● **WHAT YOU SHOULD DO**:
Transcribe exactly the lines from the one holding "Betty Boop tie-dye" through the closing line of the entries below. Pictures stay out of the copy.

● **RECORD EXCERPTS**:
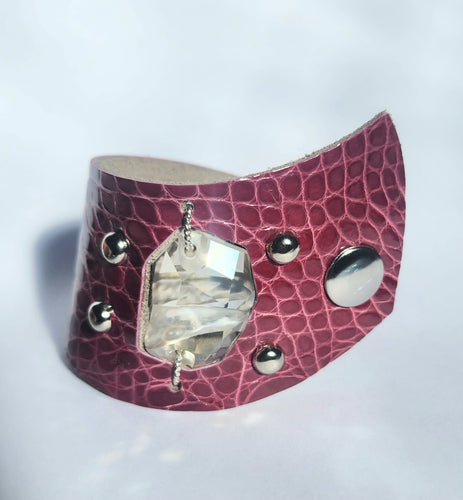 Framboise Rock with silver crystal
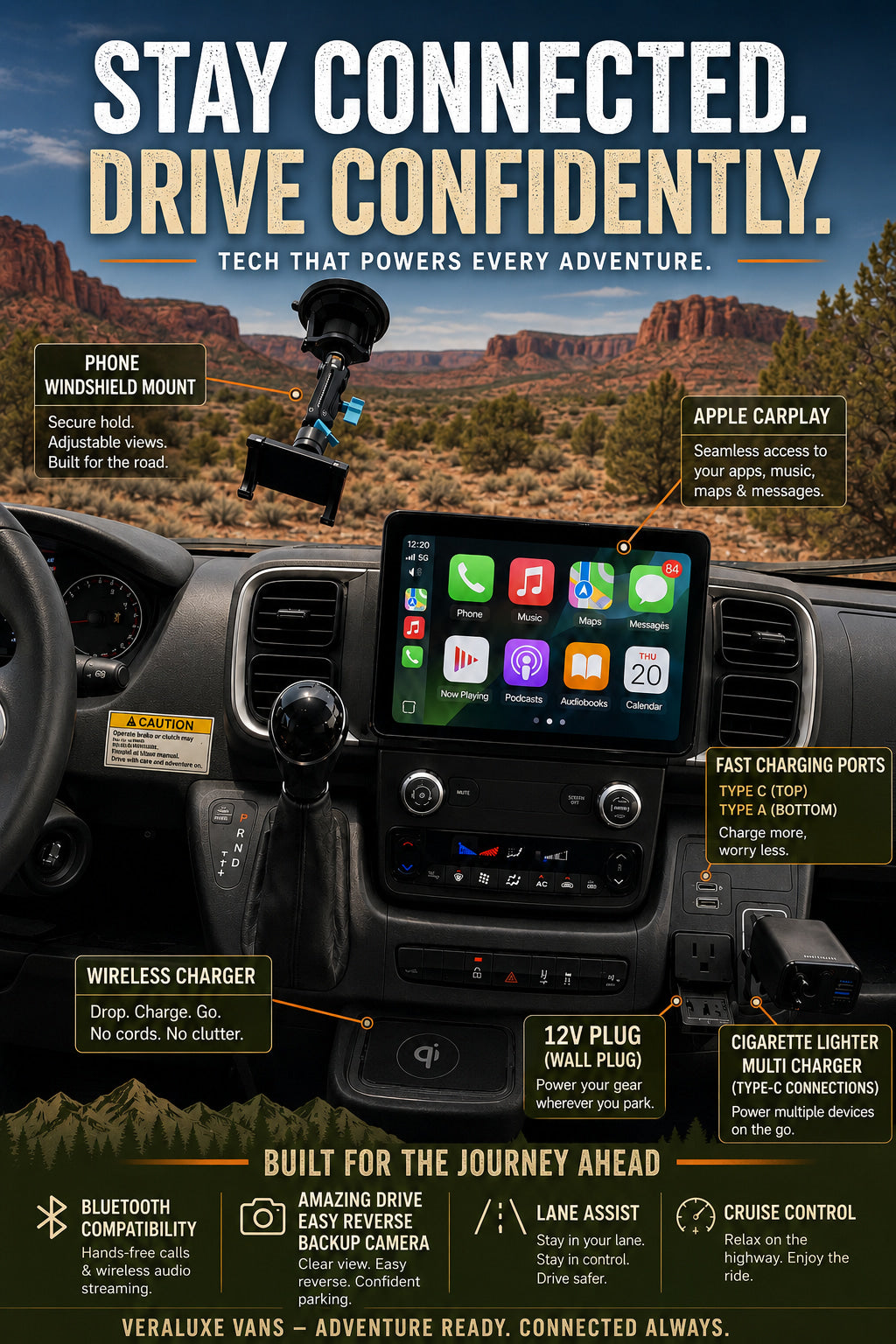 This RV rental dashboard is equipped with Apple CarPlay, wireless charging, and safety features for connected, confident adventures.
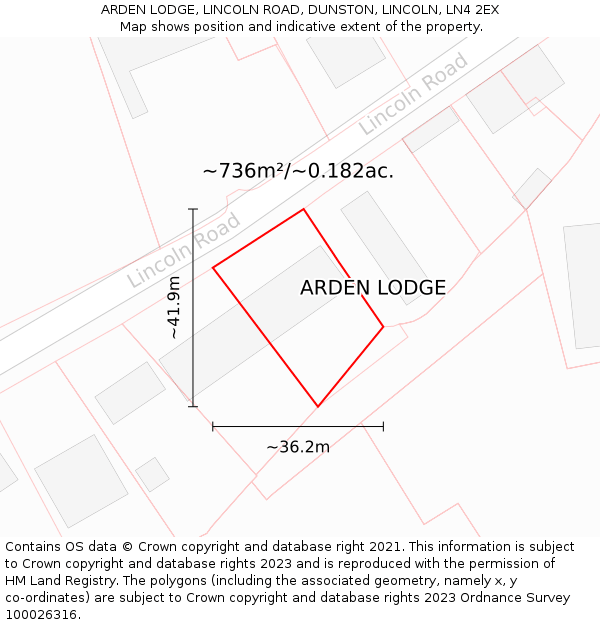 ARDEN LODGE, LINCOLN ROAD, DUNSTON, LINCOLN, LN4 2EX: Plot and title map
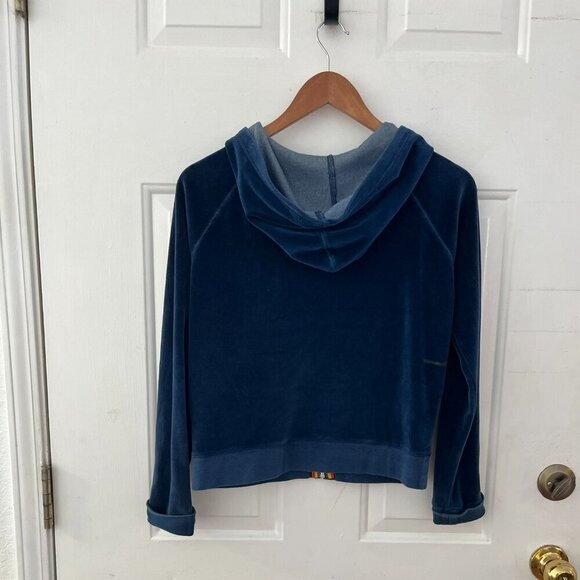 Lady Desigual Woman's Blue Velvet Velour Zip-Up Track Suit Top Hoodie Sz Med - Picture 5 of 7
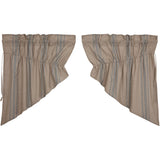 Grain Sack Blue Prairie Swag Curtains-Lange General Store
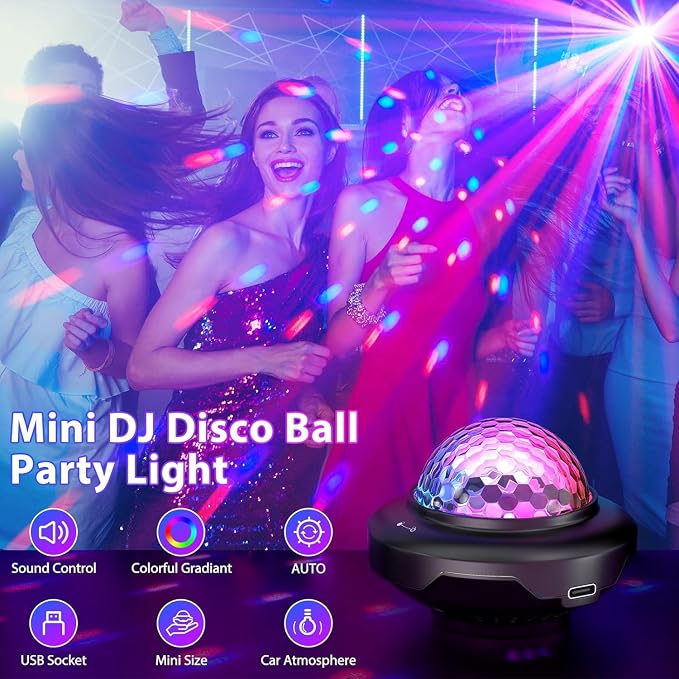 Battery Powered Disco Ball, Rechargeable Party Lights, Strobe Lights Sound - Image 2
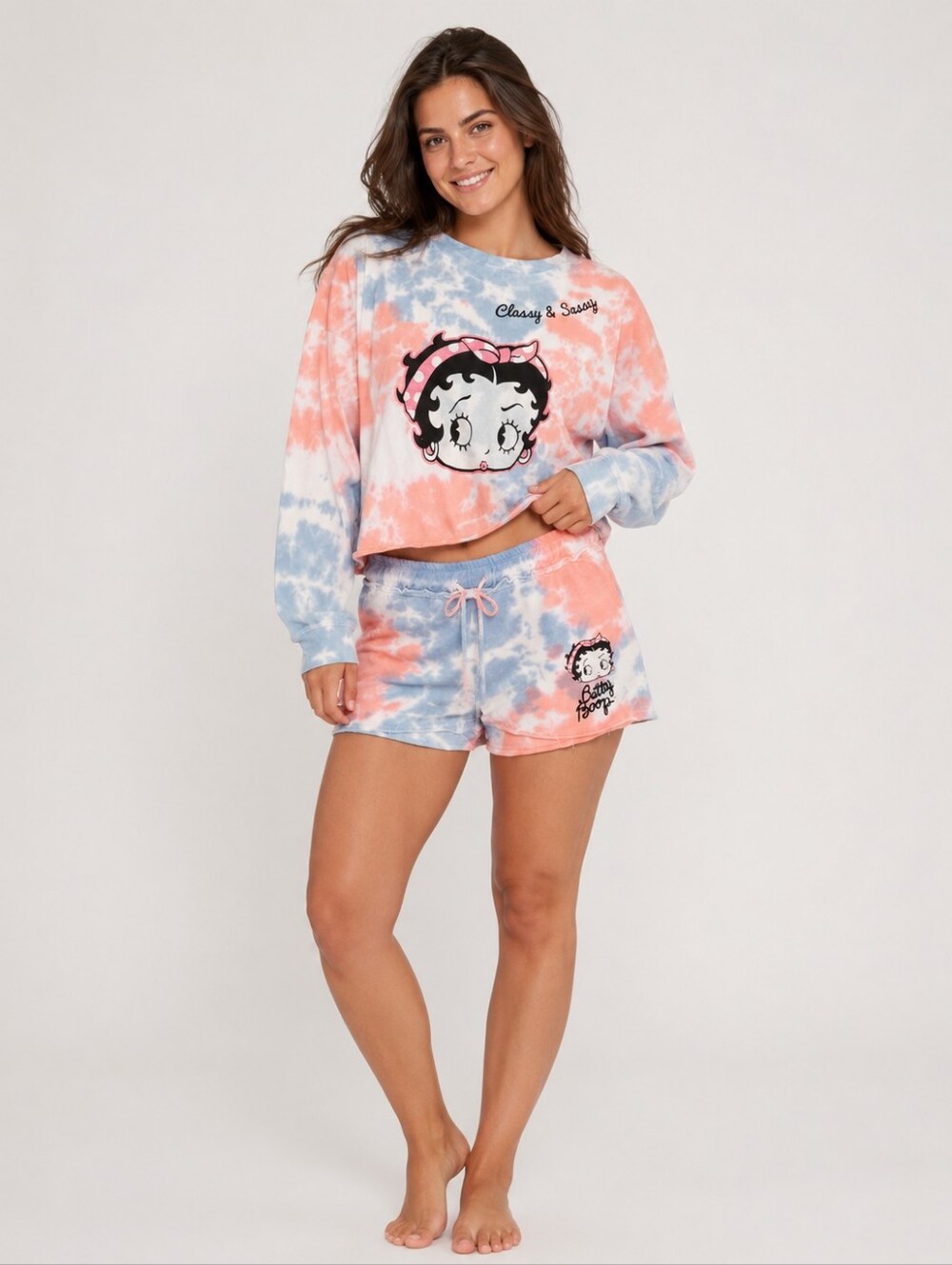 Betty Boop tie-dye lounge set NWT oversized cropped top + shorts Y2K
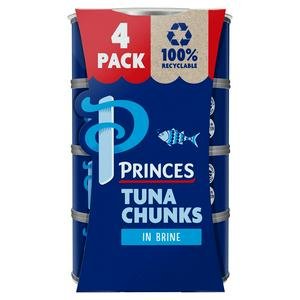 Princes 4x145g in Brine Tuna Chunks (4x102g Drained)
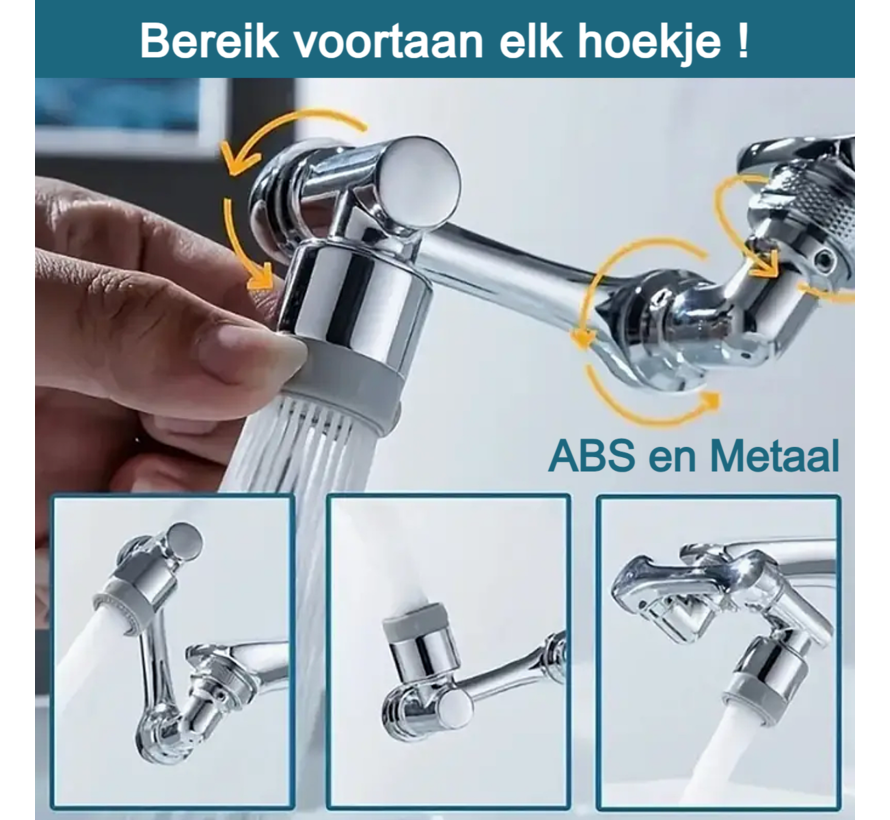 Draaibare Waterkraan Verlenging Universeel voor Keuken Kraan en Badkamer 1080° ABS - Zilver %%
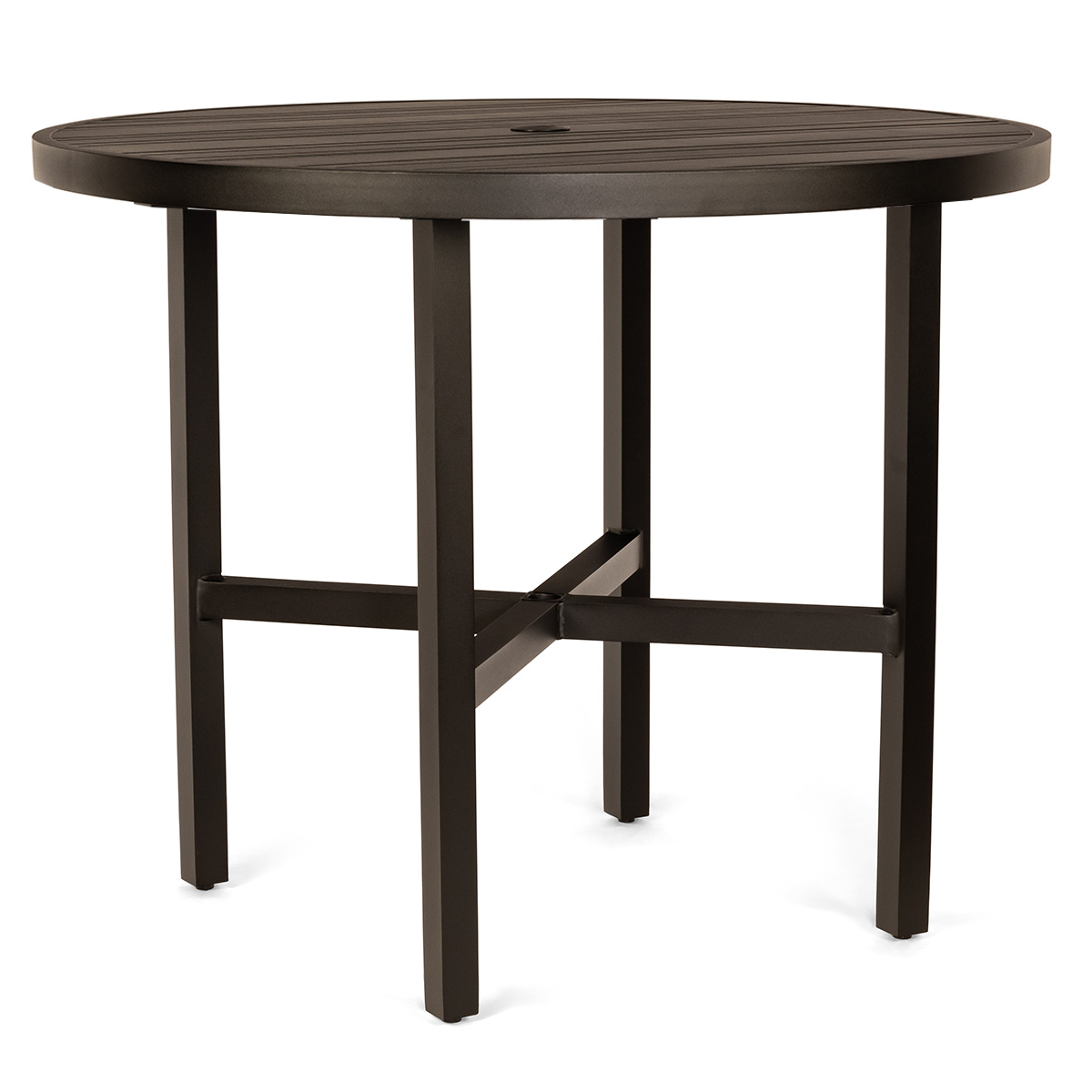 Woodard Tri-Slat 54" Round Bar Height Umbrella Table with Elite Base - 4V6600-02654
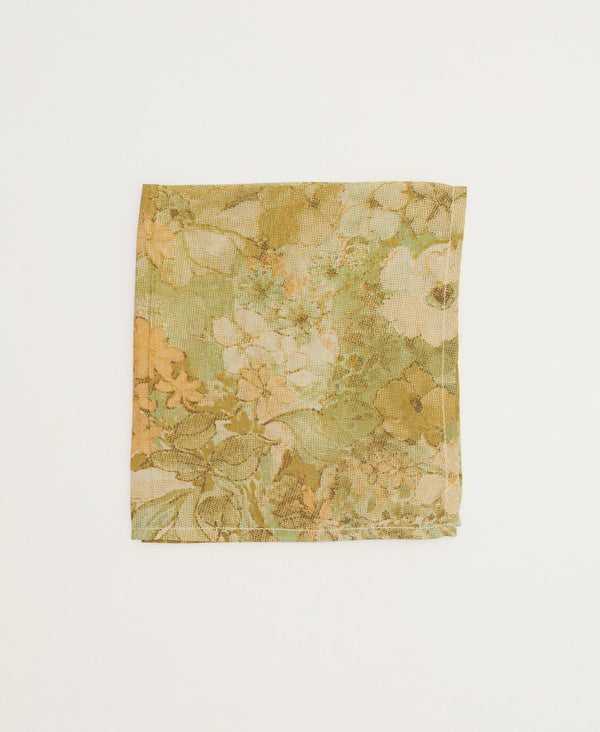 Floral silk pocket square created using upcycled vintage saris 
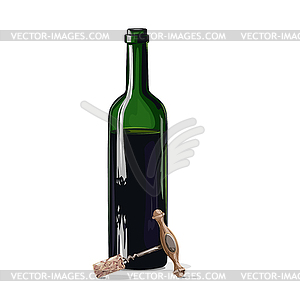 Bottle of wine with a corkscrew - vector clipart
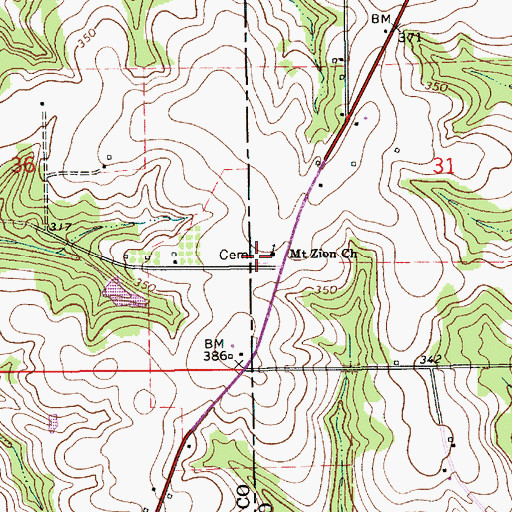 Topographic Map of Mount Zion Cemetery, AL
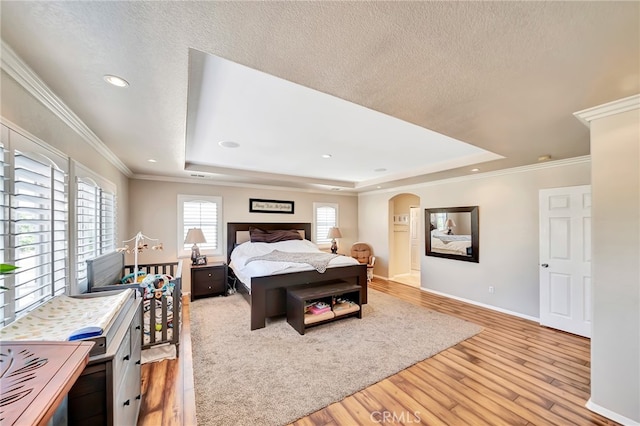 bedroom featuring a raised ceiling, multiple windows, and light wood-type flooring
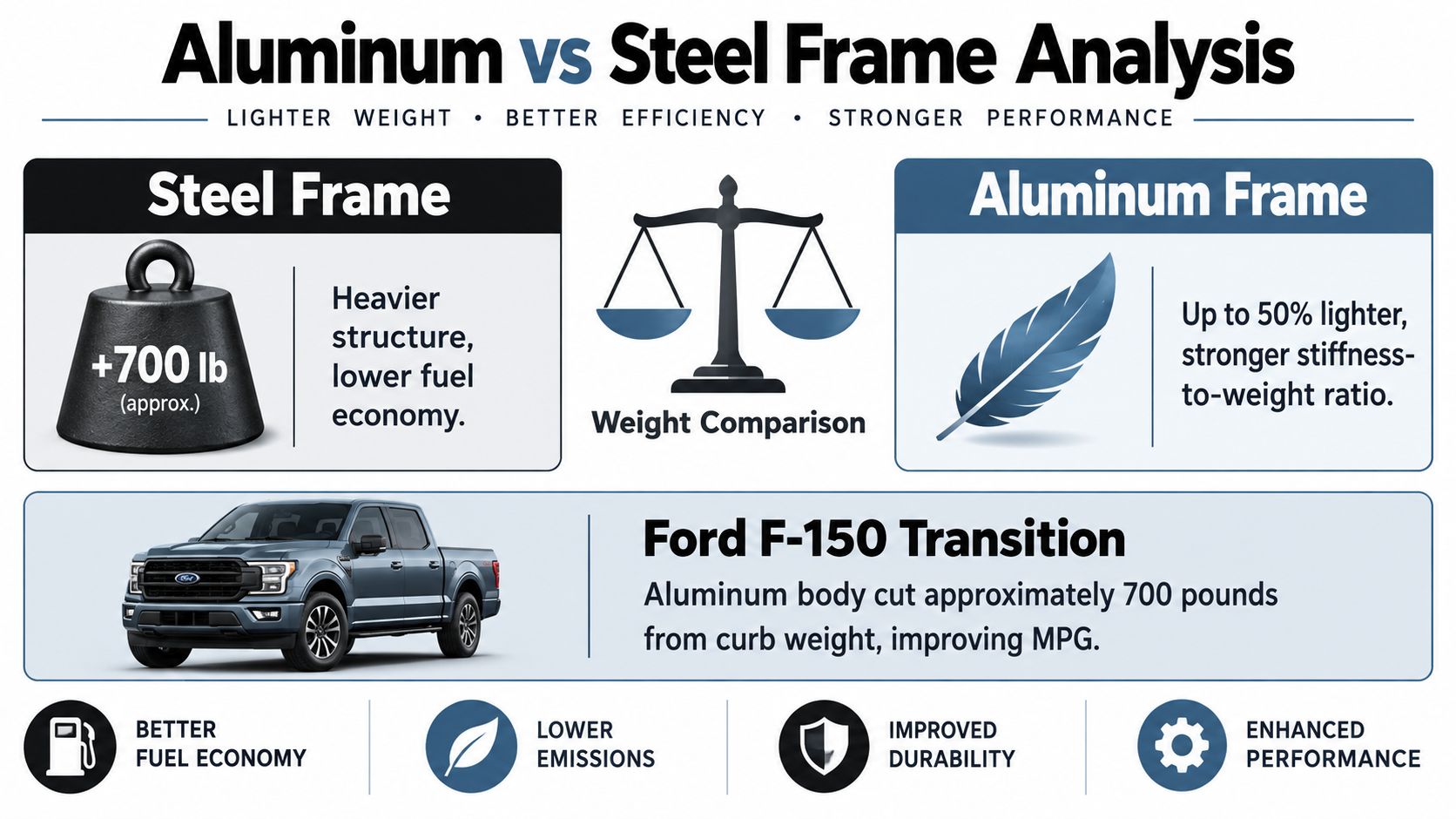 An infographic comparing steel versus aluminum vehicle frames, highlighting weight reduction, fuel economy, and improved performance benefits.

● **ANSWER SPACE**:
 Betty Boop tie-dye lounge set NWT oversized cropped top + shorts Y2K
 Princes 4x145g in Brine Tuna Chunks (4x102g Drained)
 Draaibare Waterkraan Verlenging Universeel voor Keuken Kraan en Badkamer 1080° ABS - Zilver %%
 Woodard Tri-Slat 54" Round Bar Height Umbrella Table with Elite Base - 4V6600-02654
 Floral silk pocket square created using upcycled vintage saris 
 Bottle of wine with a corkscrew - vector clipart
 Topographic Map of Mount Zion Cemetery, AL
 bedroom featuring a raised ceiling, multiple windows, and light wood-type flooring
 An infographic comparing steel versus aluminum vehicle frames, highlighting weight reduction, fuel economy, and improved performance benefits.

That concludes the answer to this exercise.